(Captioned web image data)
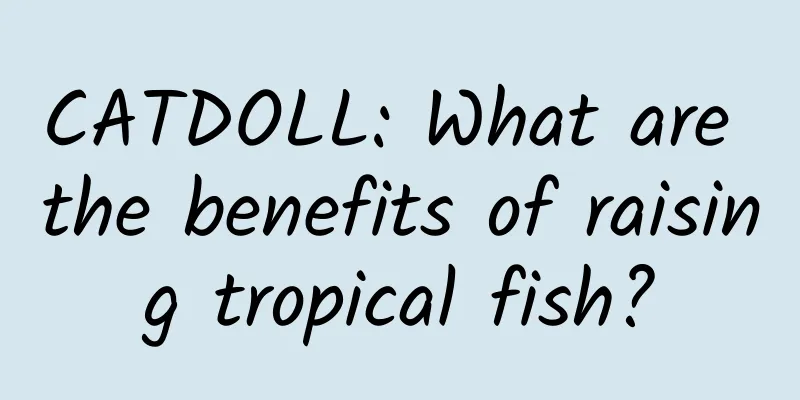 CATDOLL: What are the benefits of raising tropical fish?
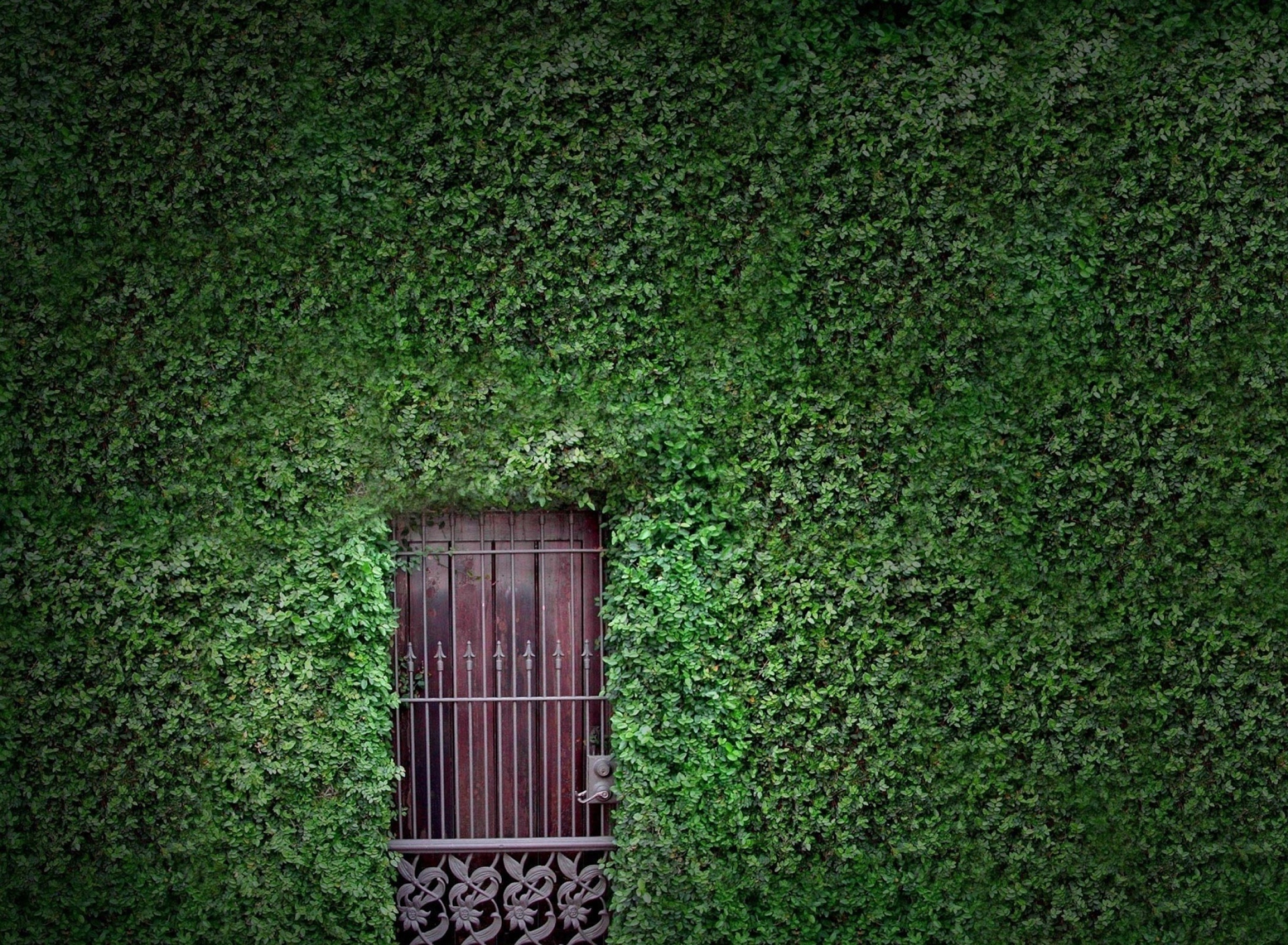 Green Wall And Secret Door wallpaper 1920x1408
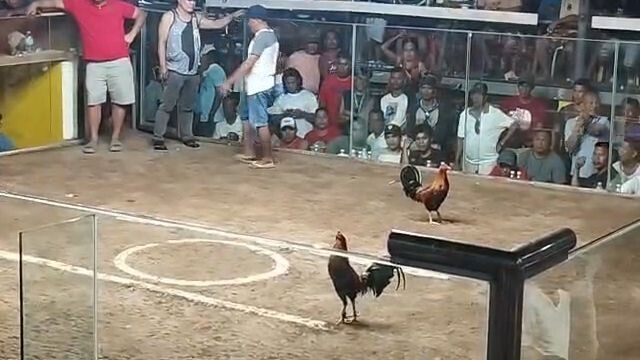 Gull - Win 4th Fight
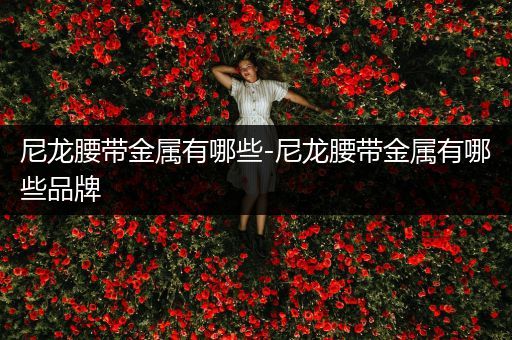 尼龙腰带金属有哪些-尼龙腰带金属有哪些品牌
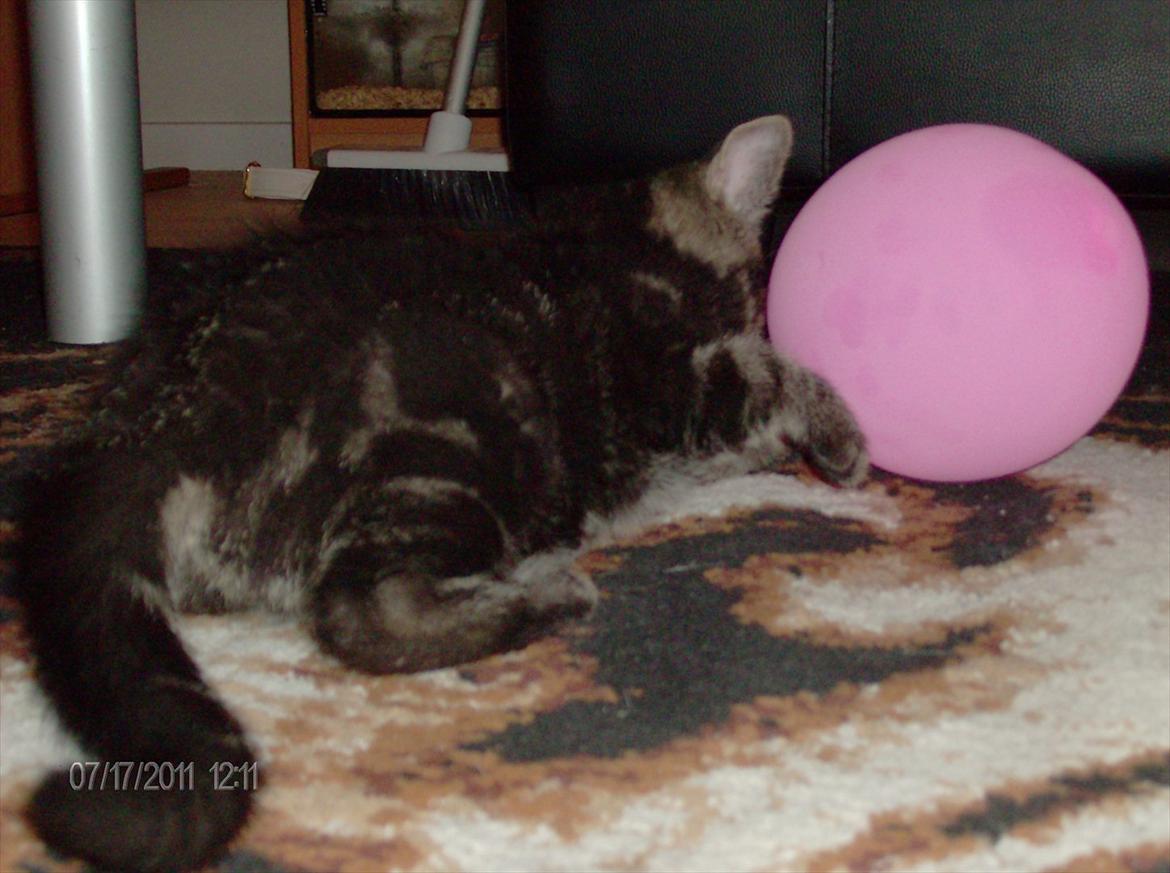 Huskat Prince billede 12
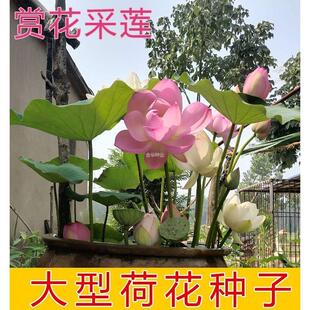 观赏磨盘种子荷花四季产播藕高产籽大田池塘绿植花卉莲子盆栽大型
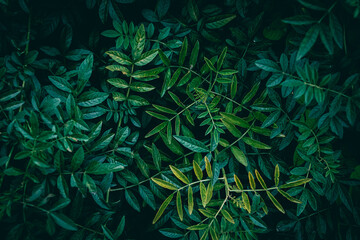 Liquorice plant green leaves texture pattern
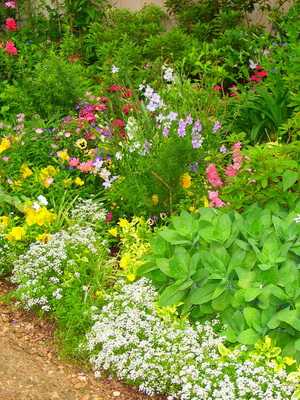 Create DIY mixborders with plant names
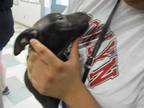 Adopt GOLEM a Black Collie / Mixed dog in Oklahoma City, OK (34708841)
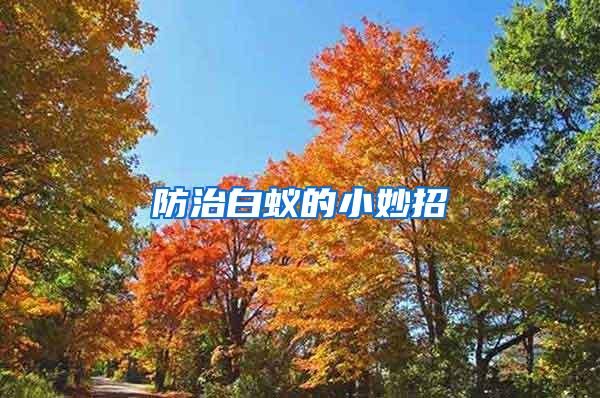 防治白蟻的小妙招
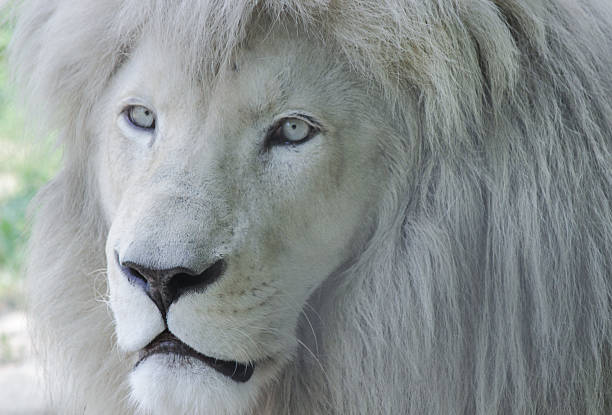 Albino Animals Stock Photos, Pictures & Royalty-Free Images - iStock
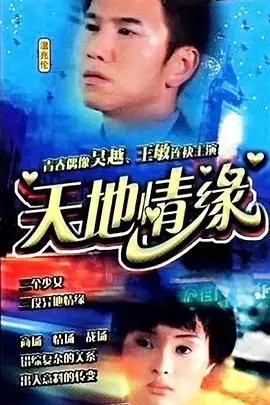 《天地情缘》封面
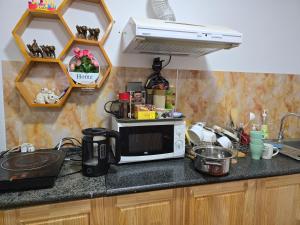 a kitchen counter with a microwave and a sink at Bee Happy Hostel & Gobi amazing tour in Dalandzadgad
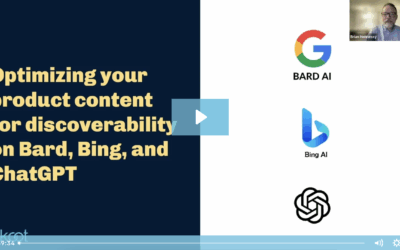 Webinar Replay: Optimize product content for discoverability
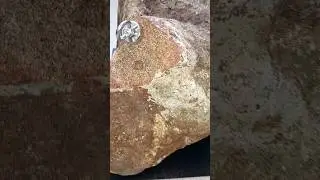 B&uuml;y&uuml;k Baba G&ouml;ktaşı ☄️ #meteorite #martian #nakhlite #macro #nickel #olivine #augite #crystals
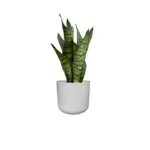 Light Grey Lisbon Pot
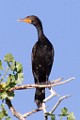 Sigma 150-600mm Test Shots  Double-crested Cormorant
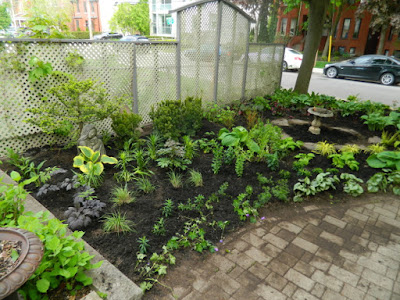 Summerhill Toronto New Front Shade Garden Makeover After by Paul Jung--a Toronto Organic Gardener Summerhill Toronto New Front Shade Garden Makeover After by Paul Jung--a Toronto Organic Gardener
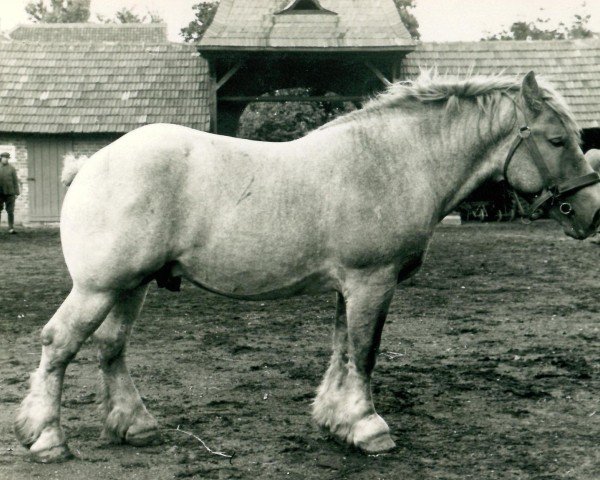 Pferd Ibykus von Holzweiler (Rheinisch-Deutsches Kaltblut, 1934, von Indien de Biévène)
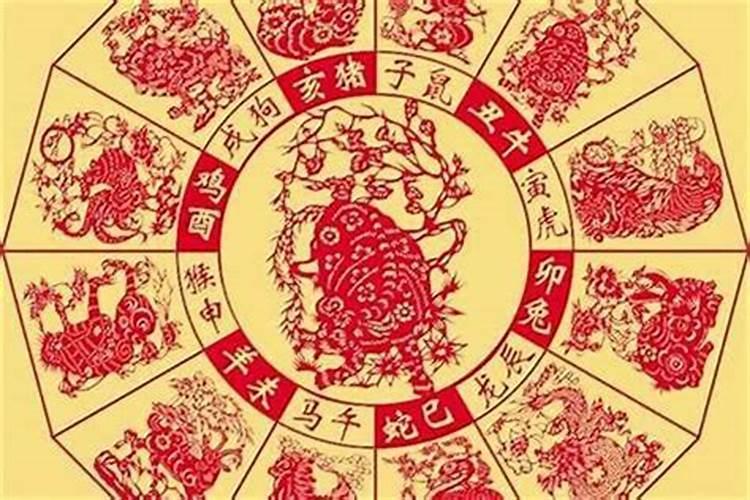 今年48岁是本命年吗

Activity
Do not include images; quote all of the entries above exactly.

Response to this exercise
 CATDOLL: What are the benefits of raising tropical fish?
 Green Wall And Secret Door wallpaper 1920x1408
 Gull - Win 4th Fight
 尼龙腰带金属有哪些-尼龙腰带金属有哪些品牌
 Huskat Prince billede 12
 观赏磨盘种子荷花四季产播藕高产籽大田池塘绿植花卉莲子盆栽大型
 Liquorice plant green leaves texture pattern
 Create DIY mixborders with plant names
 Adopt GOLEM a Black Collie / Mixed dog in Oklahoma City, OK (34708841)
 防治白蟻的小妙招
 Albino Animals Stock Photos, Pictures & Royalty-Free Images - iStock
 《天地情缘》封面
 a kitchen counter with a microwave and a sink at Bee Happy Hostel & Gobi amazing tour in Dalandzadgad
 Webinar Replay: Optimize product content for discoverability
 B&uuml;y&uuml;k Baba G&ouml;ktaşı ☄️ #meteorite #martian #nakhlite #macro #nickel #olivine #augite #crystals
 Light Grey Lisbon Pot
 Sigma 150-600mm Test Shots  Double-crested Cormorant
 Summerhill Toronto New Front Shade Garden Makeover After by Paul Jung--a Toronto Organic Gardener Summerhill Toronto New Front Shade Garden Makeover After by Paul Jung--a Toronto Organic Gardener
 Pferd Ibykus von Holzweiler (Rheinisch-Deutsches Kaltblut, 1934, von Indien de Biévène)
 今年48岁是本命年吗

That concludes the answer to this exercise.